Sunday, 11 December 2011
Hospitality Church

This week we were excited to be opening our new Parish Room - obviously it called for a community tea party, a Bishop and an evening bash with wine (any excuse.) It represents a major step forward in our mission as it is somewhere to offer hospitality - a 'third place'* where all sorts of people can gather, be refreshed and meet others. A space like this, with a warm welcome and nice, comfy surroundings (yes we are proud of our tasteful green carpet and carefully chosen charcoal grey chairs) is integral to a church which believes that hospitality and welcome are in the heart of God. The room is currently our Good News and will hopefully be a vehicle for the same. Wherever society meets authentic Christian Good News, something positive nearly always results.
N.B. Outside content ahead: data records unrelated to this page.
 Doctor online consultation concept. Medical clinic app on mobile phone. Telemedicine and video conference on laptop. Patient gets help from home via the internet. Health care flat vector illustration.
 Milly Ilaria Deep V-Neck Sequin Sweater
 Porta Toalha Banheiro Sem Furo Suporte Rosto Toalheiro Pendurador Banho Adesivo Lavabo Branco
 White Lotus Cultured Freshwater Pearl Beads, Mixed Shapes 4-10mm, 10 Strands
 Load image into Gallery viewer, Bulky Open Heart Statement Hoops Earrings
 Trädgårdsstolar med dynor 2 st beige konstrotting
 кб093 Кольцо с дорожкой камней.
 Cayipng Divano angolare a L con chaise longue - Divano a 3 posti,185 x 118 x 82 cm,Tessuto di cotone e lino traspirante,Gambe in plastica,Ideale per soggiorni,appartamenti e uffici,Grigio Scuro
This week members of the Occupy London Protest met with a Bishop, a Christian Investment Banker and the Chief Executive of the FSA for the next stage of ongoing discussions about financial ethics and inequality....where did they meet? At The Centre for Reconciliation and Peace at St Ethelburga's, London. Destroyed by an IRA bomb in 1993, the current Centre was built on a site where there has been an ongoing Christian presence in the community for more than 800 years. Their mission 'is one of hospitality, welcoming and learning from the stranger in the spirit of St Paul's reminder to the Hebrews that "some people have entertained angels unawares"' (Hebrews. 13:2). http://stethelburgas.org I can't help thinking that those protesters, faith or no faith, will go away from these encounters with a more positive impression of Christ than they will have gleaned from the media. And the blessing will be two way, a gift that results from an honest, face to face, equal encounter in a safe space, all sides listening.
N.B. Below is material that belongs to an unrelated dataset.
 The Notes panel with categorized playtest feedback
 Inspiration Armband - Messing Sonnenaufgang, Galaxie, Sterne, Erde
In our ministry Team this week we also had a mutually beneficial sharing with the staff of a local hotel who often put on wedding receptions and thought it might be nice to actually meet some of the clergy who do the church weddings around the area. Inspired community joined up thinking! Whilst the freshly baked muffins, hot coffee and pastries which accompanied our meeting, tour and sharing of websites, were an obvious highlight, what was best was the sense of them discovering that the church ain't that bad after all, and us realising we still have so much to offer. Before the refreshments, we prayed the Morning Office looking out over the Thames and it felt good - not being hidden away in a church office, we benefited from the hotel's hospitality and welcome. Let us be anything but shut away inside our Sundays where none but the faithful ever encounter us.
*The third place is a term used in the concept of community building to refer to social surroundings separate from the two usual social environments of home and the workplace (The Great Good Place, Ray Oldenberg, 1989.) It is an important idea in mission within the Emerging Church movement, where people are not always ready to come inside traditional church buildings to experience what the church has to offer.